Back in the early 1980s, Halcion (triazolam) made headlines with negative reports about addiction and amnesia that have negatively affected public opinion about sleeping pills.

In contrast, the newest non-benzodiazepines are shorter-acting and have not been associated with the unwanted side effect of residual sedation, according to Dr Stepanski. Moreover, these recent sleep-aids appear not to be physically addictive, although psychological addiction may remain a concern for many.

Cognitive behavioral therapy can be an effective alternative to treating sleep problems with drugs, Dr Stepanksi said, according to MedPage Today.

Rozerem -A Better Sleep-Aid?

Older people and others with sleep problems who have concerns about the safety of prescription sleep-medications may find Rozerem (ramelteon) an acceptable alternative, because it is not a controlled substance.

In July 2005, the FDA approved Rozerem, the first melatonin-receptor agonist, for treatment of insomnia. Evidence suggests melatonin is involved in maintaining the circadian rhythm that underlies the normal sleep-wake cycle.

Rozerem differs from standard sleep medications by not being designated as a controlled substance, according to a report in MedPage Today on 25 July 2005.

No evidence arose of dependence or abuse of Rozerem during clinical trails.

"It really is the first of prescription (sleep-aid) drugs in recent times to not be scheduled," said Robert Meyer, MD, director of the pertinent office of drug evaluation at the FDA, according to MedPage Today. "I suspect that will be something that will differentiate it from the others."

Rozerem works by targeting two receptors (MT1 or MT2) in the brain's suprachiasmatic nucleus, which controls circadian rhythms. The activity of Rozerem at the MT1 and MT2 receptor level is believed to underly its sleep-enhancing properties.

"All of [Rozerem's] mechanism is not fully known at this point," Dr Meyer said. "But we know it works. And it does not have a limitation in its labeling for its duration of use."

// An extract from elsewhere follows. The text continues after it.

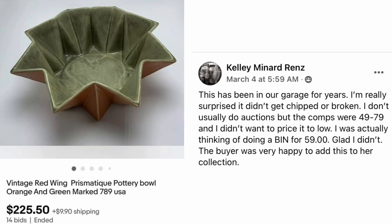Kelly Renz had this in her garage for years and was surprised it didn't get chipped or broken. She doesn't usually do auctions, but the comps were $49 to $79 and she didn't want to price it too low — she was thinking of doing a buy-it-now for $59, and she's glad she didn't. The buyer was very happy to add it to her collection. The item is a Vintage Red Wing Prismateek Pottery Bowl, orange and green, marked 789 USA, sold for $225.50. Her cost was nothing — it was in her garage.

In contrast, Dr Meyer noted, many over-the-counter sleep-aids are intended for only 7-10 days' use, because of their abuse or dependency potential.

Clinical trials of over 4,200 patients (aged 18-93 years) showed Rozerem was generally well tolerated. Somnolence, fatigue, and dizziness were the most commonly reported side effects.

Because Rozerem is metabolized by the liver, the manufacturer has cautioned that Rozerem should not be used by people with severe hepatic impairment. Also, people taking Luvox (fluvoxamine) should not take Rozerem, and patients with depression should be closely monitored on Rozerem because of its potential to exacerbate symptoms.

"We saw in the clinical trials that Rozerem could increase depression in people who are depressed," Dr Meyer reported to MedPage Today. "We did not see any clear signals of suicide ideation."

The manufacturer warned that suicidal thoughts have been reported with the use of hypnotics.

Rozerem has not been studied in people with sleep apnea, or on people with severe chronic obstructive pulmonary disease, and Rozerem has not been tested in children or adolescents, according to MedPage Today.

Sleep and Healthy Aging Survey, conducted by The Gallup Organization for the International Longevity Center (USA), published October 2005.